LV: Welke invloed hadden economische en politieke ontwikkelingen op de positie van de
stedelijke burgerij in de Nederlandse gewesten (1302-1602): bedelorden, begijnenkloosters,
moderene devotie, bonum comunne, taken van geestelijkheid overnemen en dus
particularisme.
14e en 15e eeuw
Brugge was naast het belangrijkste handelscentrum ook de stapelmarkt van de Nederlanden
door de Hanze. Deze Duitsers verkochten naast hun eigen producten ook spullen uit gebieden
rond de Oostzee. Verder werd het door de Italianen een financieel centrum, want zij liepen
voorop in moderne bedrijfsvoering en financiële technieken. Beide hadden daar filialen en It.
werd een bank met wisselbrieven. Hierin werd gehandeld, wisselkoersen, en dit leidde tot het
ontstaan van de eerste beurs in Brugge. Verder had Brugge en sterke positie door zijn
achterland. Vlaanderen en Brabant leverden textiel die Brugge verhandelde en kochten
, producten op. Deze steden vormden een netwerk met hun eigen specialisatie. Door innovatie
en schaalvergroting versterkten ze hun eigen positie en die van het netwerk. Brabant,
Antwerpen, groeide.
1500/ 16e eeuw
Antwerpen lag gunstiger voor het Europese achterland dan Brugge (M en R). Ze bleef lang
een aanvulling van Brugge en Vlaanderen bleef het rijkste en machtigste. Maar rond 1500
nam ze de positie van Brugge over. Italiaanse en Duitse handelaren en kooplieden uit Z-
Duitse steden (Fra. Neu naar achterland) kwam hiernaartoe. Textiel en grondstoffen (!)

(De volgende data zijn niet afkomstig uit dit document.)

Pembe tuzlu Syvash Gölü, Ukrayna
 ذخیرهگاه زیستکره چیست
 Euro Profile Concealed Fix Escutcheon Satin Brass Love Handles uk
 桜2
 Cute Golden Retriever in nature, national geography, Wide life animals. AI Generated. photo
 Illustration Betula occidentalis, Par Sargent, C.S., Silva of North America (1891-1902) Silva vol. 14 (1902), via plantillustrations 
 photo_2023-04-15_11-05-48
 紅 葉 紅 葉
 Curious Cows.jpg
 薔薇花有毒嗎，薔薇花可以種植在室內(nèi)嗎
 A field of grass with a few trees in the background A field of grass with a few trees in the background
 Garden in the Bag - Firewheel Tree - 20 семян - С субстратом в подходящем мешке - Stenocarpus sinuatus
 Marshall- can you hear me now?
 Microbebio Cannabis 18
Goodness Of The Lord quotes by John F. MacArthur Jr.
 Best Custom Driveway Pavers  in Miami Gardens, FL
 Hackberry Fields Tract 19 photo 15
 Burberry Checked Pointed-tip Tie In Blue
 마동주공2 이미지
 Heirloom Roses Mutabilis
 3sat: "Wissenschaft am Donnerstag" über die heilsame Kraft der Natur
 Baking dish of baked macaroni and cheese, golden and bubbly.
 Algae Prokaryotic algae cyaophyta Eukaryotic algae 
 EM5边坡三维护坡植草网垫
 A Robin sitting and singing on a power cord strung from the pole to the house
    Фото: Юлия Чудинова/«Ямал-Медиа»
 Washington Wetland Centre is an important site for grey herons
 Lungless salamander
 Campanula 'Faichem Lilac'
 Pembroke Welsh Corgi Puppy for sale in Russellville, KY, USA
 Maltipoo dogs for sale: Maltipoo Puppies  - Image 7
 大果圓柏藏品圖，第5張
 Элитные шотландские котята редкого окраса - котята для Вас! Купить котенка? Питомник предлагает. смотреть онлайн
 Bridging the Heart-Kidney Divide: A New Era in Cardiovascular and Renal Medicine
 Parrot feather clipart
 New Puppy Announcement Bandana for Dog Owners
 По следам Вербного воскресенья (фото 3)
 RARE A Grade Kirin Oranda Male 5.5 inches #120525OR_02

kwamen nu van Engeland. Verder werd Antwerpen een stapelmarkt voor koloniale producten,
zoals suiker en specerijen en werd er vanuit Polen en het Baltisch gebied graan aangevoerd
(Fr). Amsterdam groeide door deze handel en was een in graan gespecialiseerde voorhaven.
Ze konden het zelf niet verbouwen – veenbodem, natuurramp, turf naar Ant – en moesten het
dus overzees halen. Ze waren dus schepenbouwers, handelaren en vrachtvaarders. Als laatste
hielp het dat in de oorlog tussen Maximiliaan en Gent/ Brugge M. gebood de handelaren naar
Antwerpen te gaan.
In de steden was verbondenheid door het bonum commune, algemeen belang. Hierbij
zorgden de burgers voor hun stad d.m.v. schutterijen, belasting voor onderhoud en aanleg
gebouwen. Ook namen ze taken van de geestelijkheid over: onderwijs (14e eeuw + niet
Latijn), sociale zorg door gilden. De geestelijken pasten zich ook aan. Er ontstonden
begijnhoven (11e) en bedelorden, leven van liefdadigheid – arm – nederig – prediken. Hun
visies sloten aan bij de moderne devotie, waarbij de nadruk lag bij de individuele
verantwoordelijkheid om een goed christen te zijn, door bv soberheid. Het was een beweging
in Deventer in 14e en 15e eeuw door Geert Grootte en in 1450 het boek de imitatione Christi
sluit aan.
Deze verbondenheid was sterker dan die met hun vorst en leidde tot stedelijk particularisme,
streven naar zo groot mogelijke onafhankelijkheid. Maar door de staatsvorming en
centralisatie en in de Nederlanden de Bourgondische hertogen (14e) groeide dit niet.
Rijtje de Nederlanden
Eind 14e eeuw Filips de Goede – paleis voor bestuur in Brussel, centrale rechtbank en
centrale rekenkamer.
1477 Bourgondische rijk valt uiteen. B kwam bij Fr. en BNL kwam onder het
Habsburgse Huis door huwelijk Maximiliaan en kleindochter Filips.
Steden wilden toen privileges terug, maar Maximiliaan vocht hiertegen.
1515 Karel V, kleinzoon M, wordt uitgeroepen door ST in Brussel tot
landsheer van Habsburgse Nederlanden. Hij ging verder met
centralisatiepolitiek door belastingen en in 1521 de inquisitie.
1555 Filips II gaat verder hiermee. Maar toen hij naar Fr. vertrok in 1559
kwam het calvisnisme in de Nederlanden onder de aandacht bij
ambachtslieden. In 1566 was de beeldenstorm en Alva als reactie.
1568 Willem van Oranje leidt de Nederlanden in de Tachtigjarige oorlog/ de
Opstand (aanleiding hierboven). Alva wilde hun met terreur stoppen,
maar dit riep meer weerstand op, 1572.
1579 de Unie van Atrecht wordt met de zuidelijke gewesten gesloten door
Parma. Vervolgens valt hij opstandige steden in Vlaanderen en Brabant
aan.
1584 Parma overwint Ieper, Brugge en Gent.